***** DATA FOR THIS TASK *****

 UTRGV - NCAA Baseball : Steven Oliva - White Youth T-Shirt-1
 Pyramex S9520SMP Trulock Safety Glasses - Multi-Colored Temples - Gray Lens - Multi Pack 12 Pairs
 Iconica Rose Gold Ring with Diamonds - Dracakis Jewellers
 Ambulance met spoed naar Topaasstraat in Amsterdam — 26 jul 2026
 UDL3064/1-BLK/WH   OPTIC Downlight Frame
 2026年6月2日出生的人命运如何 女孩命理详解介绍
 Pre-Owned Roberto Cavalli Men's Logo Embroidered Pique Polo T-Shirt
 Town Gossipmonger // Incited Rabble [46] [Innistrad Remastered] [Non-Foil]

*****
***** DATA FOR THIS TASK *****

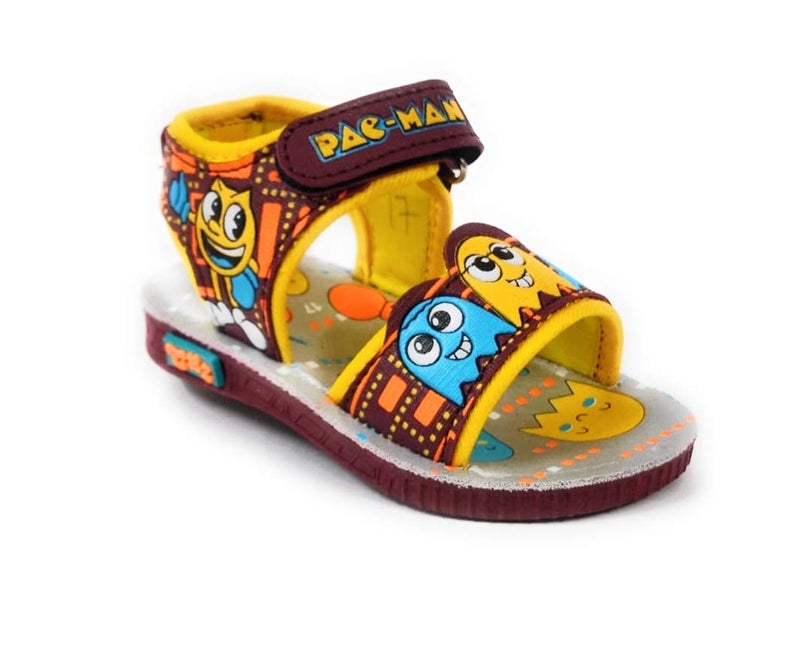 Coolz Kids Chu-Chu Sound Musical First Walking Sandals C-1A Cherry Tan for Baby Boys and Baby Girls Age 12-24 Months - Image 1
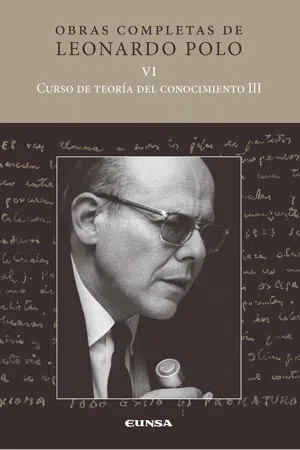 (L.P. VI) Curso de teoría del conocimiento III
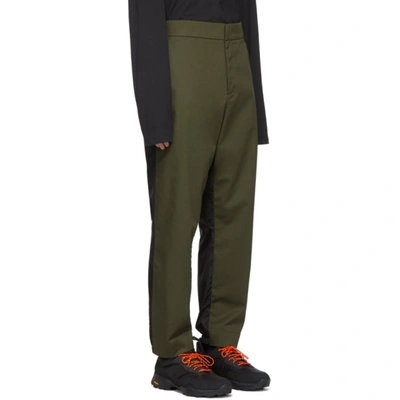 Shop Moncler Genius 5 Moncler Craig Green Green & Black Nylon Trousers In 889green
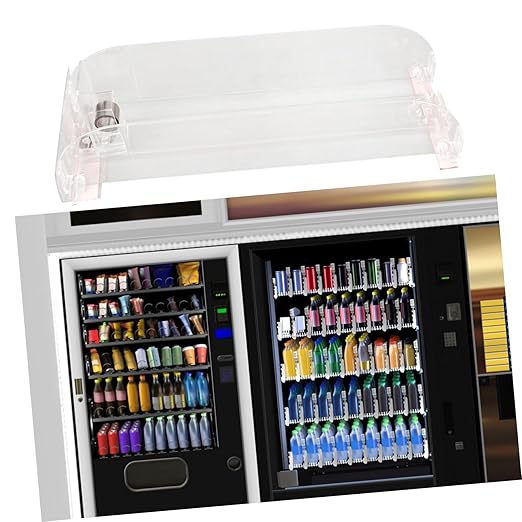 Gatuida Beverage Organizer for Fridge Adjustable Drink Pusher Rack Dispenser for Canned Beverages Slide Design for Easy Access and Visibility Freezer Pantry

*****
***** DATA FOR THIS TASK *****

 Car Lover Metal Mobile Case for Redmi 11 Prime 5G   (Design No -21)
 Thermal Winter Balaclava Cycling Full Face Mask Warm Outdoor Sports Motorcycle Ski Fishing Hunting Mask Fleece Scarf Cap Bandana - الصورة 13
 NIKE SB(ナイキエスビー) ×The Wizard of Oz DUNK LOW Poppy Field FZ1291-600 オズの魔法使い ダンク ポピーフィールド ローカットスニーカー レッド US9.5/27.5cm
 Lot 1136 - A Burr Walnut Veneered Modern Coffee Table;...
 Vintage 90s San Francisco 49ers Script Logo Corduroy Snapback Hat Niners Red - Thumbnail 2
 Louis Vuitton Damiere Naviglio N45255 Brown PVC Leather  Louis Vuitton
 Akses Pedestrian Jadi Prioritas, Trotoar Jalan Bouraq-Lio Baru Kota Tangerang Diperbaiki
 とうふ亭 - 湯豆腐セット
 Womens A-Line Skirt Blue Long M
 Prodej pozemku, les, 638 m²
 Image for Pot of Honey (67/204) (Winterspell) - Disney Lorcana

*****

ACTIVITY: Where a line of the data contains "Shirt", include it in the tally, and answer with the tally alone.

FINISHED TASK: 2